Let's try our best model on test data.

In [None]:
knn = KNeighborsClassifier(n_neighbors=best_n_neighbours)
knn.fit(X_train, y_train)
print("Test accuracy: %0.3f" % (knn.score(X_test, y_test)))

<br><br>

## More on $k$-NNs [[video](https://youtu.be/IRGbqi5S9gQ)]

### Other useful arguments of `KNeighborsClassifier`

- `weights` $\rightarrow$ When predicting label, you can assign higher weight to the examples which are closer to the query example.  
- Exercise for you: Play around with this argument. Do you get a better validation score?

### Pros of $k$-NNs for supervised learning

- Easy to understand, interpret.
- Simple hyperparameter $k$ (`n_neighbors`) controlling the fundamental tradeoff.
- Can learn very complex functions given enough data.
- **Lazy learning**: Takes no time to `fit`

### Cons of $k$-NNs for supervised learning

- Can be potentially VERY **slow during prediction** time, especially when the training set is very large.
- Often not that great test accuracy compared to the modern approaches.
- It does not work well on datasets with many features or where most feature values are 0 most of the time (sparse datasets).    

***Important***
> For regular $k$-NN for supervised learning (not with sparse matrices), you should scale your features. We'll be looking into it soon.

### Parametric vs non parametric

- You might see a lot of definitions of these terms.
- A simple way to think about this is:
    - *For $n$ samples, do you need to store at least $O(n)$* worth of stuff to make predictions? If so, it's non-parametric.
- **Non-parametric example**: $k$-NN is a classic example of non-parametric models.     

***Note***
> $\mathcal{O}(n)$ is referred to as big $\mathcal{O}$ notation. It tells you how fast an algorithm is or how much storage space it requires. For example, in simple terms, if you have $n$ samples and you need to store them all you can say that the algorithm requires $\mathcal{O}(n)$ worth of stuff.

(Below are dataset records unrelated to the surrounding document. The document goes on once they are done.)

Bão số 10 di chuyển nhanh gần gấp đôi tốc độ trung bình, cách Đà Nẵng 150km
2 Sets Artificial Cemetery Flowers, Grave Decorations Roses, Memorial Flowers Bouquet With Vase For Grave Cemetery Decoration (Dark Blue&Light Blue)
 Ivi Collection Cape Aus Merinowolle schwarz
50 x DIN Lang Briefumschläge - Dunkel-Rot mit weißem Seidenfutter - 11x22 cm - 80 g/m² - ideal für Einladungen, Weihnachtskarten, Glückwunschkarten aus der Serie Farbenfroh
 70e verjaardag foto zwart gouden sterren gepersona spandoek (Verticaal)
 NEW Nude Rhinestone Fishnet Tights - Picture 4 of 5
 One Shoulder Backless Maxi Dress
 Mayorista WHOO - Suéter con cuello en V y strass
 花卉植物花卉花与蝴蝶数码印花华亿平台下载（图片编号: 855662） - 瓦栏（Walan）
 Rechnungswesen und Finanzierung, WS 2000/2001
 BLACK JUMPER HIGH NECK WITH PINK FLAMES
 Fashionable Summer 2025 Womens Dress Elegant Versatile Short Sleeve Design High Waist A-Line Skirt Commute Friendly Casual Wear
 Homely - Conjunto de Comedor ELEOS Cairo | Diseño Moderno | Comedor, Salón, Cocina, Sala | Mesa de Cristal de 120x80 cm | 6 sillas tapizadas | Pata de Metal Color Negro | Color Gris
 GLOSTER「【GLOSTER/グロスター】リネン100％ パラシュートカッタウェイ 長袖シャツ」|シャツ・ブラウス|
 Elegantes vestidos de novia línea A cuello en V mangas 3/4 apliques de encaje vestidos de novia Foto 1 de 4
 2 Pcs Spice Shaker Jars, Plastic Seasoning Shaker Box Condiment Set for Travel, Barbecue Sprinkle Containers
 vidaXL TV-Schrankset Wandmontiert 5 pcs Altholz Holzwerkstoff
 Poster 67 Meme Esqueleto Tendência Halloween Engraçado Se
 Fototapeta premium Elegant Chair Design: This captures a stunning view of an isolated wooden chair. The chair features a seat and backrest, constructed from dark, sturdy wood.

### Curse of dimensionality

- Affects all learners but especially bad for nearest-neighbour.
- $k$-NN usually works well when the number of dimensions $d$ is small but things fall apart quickly as $d$ goes up.
- If there are **many irrelevant attributes, $k$-NN is hopelessly confused** because all of them contribute to finding similarity between examples.
- With enough irrelevant attributes the accidental similarity swamps out meaningful similarity and $k$-NN is no better than random guessing.  

In [None]:
from sklearn.datasets import make_classification

nfeats_accuracy = {"nfeats": [], "dummy_valid_accuracy": [], "KNN_valid_accuracy": []}
for n_feats in range(4, 2000, 100):
    X, y = make_classification(n_samples=2000, n_features=n_feats, n_classes=2)
    X_train, X_test, y_train, y_test = train_test_split(
        X, y, test_size=0.2, random_state=123
    )
    dummy = DummyClassifier(strategy="most_frequent")
    dummy_scores = cross_validate(dummy, X_train, y_train, return_train_score=True)

    knn = KNeighborsClassifier()
    scores = cross_validate(knn, X_train, y_train, return_train_score=True)
    nfeats_accuracy["nfeats"].append(n_feats)
    nfeats_accuracy["KNN_valid_accuracy"].append(np.mean(scores["test_score"]))
    nfeats_accuracy["dummy_valid_accuracy"].append(np.mean(dummy_scores["test_score"]))

In [None]:
pd.DataFrame(nfeats_accuracy)

In [None]:
pd.DataFrame(nfeats_accuracy).set_index("nfeats").plot();

<br><br>

## Summary

- We have KNNs as new supervised learning techniques in our toolbox.
- These are instance-based learners and the idea is to assign nearby points the same label.
- Can be used for classification or regression.